Context
PulseGrid operates observability agents deployed across mobile apps, edge devices, and backend services. Its current ingestion path uses regional REST collectors writing compressed JSON files to Amazon S3, followed by hourly Spark ETL into Snowflake. This architecture cannot support real-time alerting, tenant isolation, or burst traffic from incident storms.

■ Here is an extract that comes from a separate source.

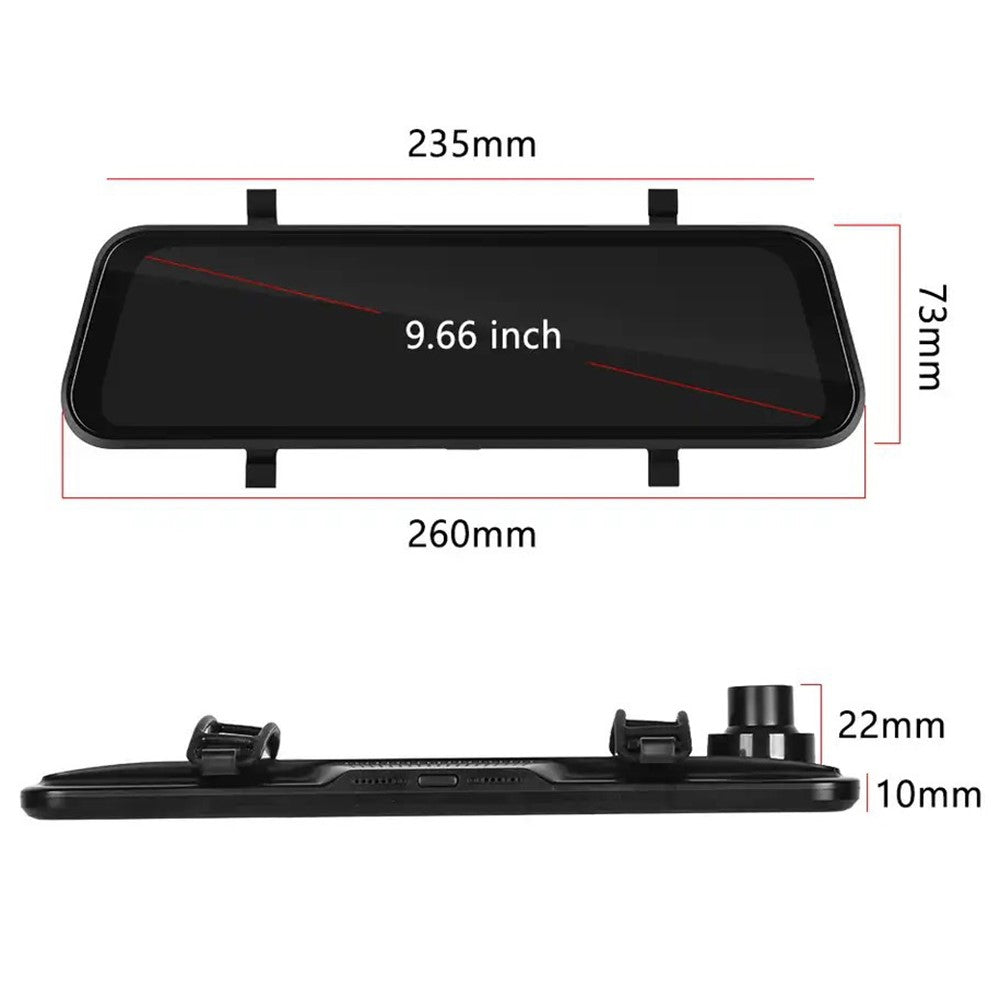 904 9.66 inch Touchscreen Dash Cam CarPlay Full-Screen Streaming Rearview Mirror 4K+1080P Dual Lens Car DVR with Night Vision  /  Emergency Recording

You need to design a highly available telemetry ingestion pipeline that can ingest metrics, logs, and lightweight traces with strict durability and low-latency delivery to downstream analytics and alerting systems.
Scale Requirements
- Peak throughput: 3 million events/second globally, 800K sustained average
- Event size: 0.8-1.5 KB average JSON or Protobuf payloads
- Daily volume: ~180-220 TB raw uncompressed
- Latency target: P95 ingest-to-queryable under 60 seconds; P99 under 2 minutes
- Availability target: 99.99% ingestion availability across 3 AWS regions
- Retention: 30 days hot searchable data, 1 year cold object storage archive
Requirements
- Design a multi-region ingestion layer that supports backpressure, replay, and tenant-aware routing.

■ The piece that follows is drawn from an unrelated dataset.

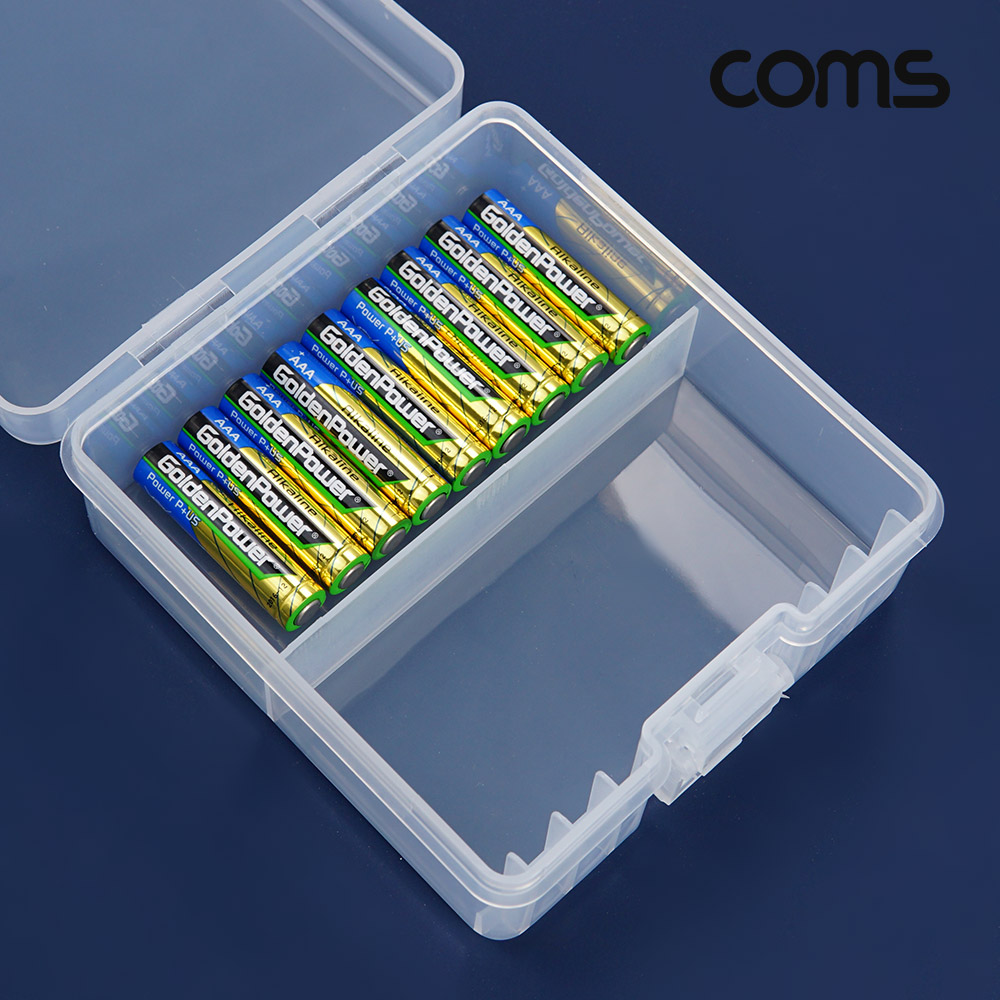 Coms 건전지 케이스 투명 AAA 100개 보관용 휴대용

- Validate schemas, enforce idempotency, and quarantine malformed or poison events without blocking healthy traffic.
- Support real-time stream processing for enrichment, deduplication, partitioning, and rollups.
- Deliver data to both a low-latency analytics store and a durable raw data lake for reprocessing.
- Provide orchestration for backfills, schema rollouts, replay jobs, and downstream aggregate builds.
- Define monitoring, alerting, SLOs, and recovery procedures for broker, processor, and sink failures.
- Explain how the design handles regional failover and exactly-once or effectively-once guarantees where feasible.
Constraints
- AWS is the mandated cloud; managed services are preferred over self-hosted clusters.
- Incremental infrastructure budget is capped at $120K/month.
- Some tenants require data residency within the EU region.
- The platform team is small: 5 data engineers, 2 SREs, so operational complexity must be justified.
- Downstream consumers include both real-time dashboards and batch ML feature generation.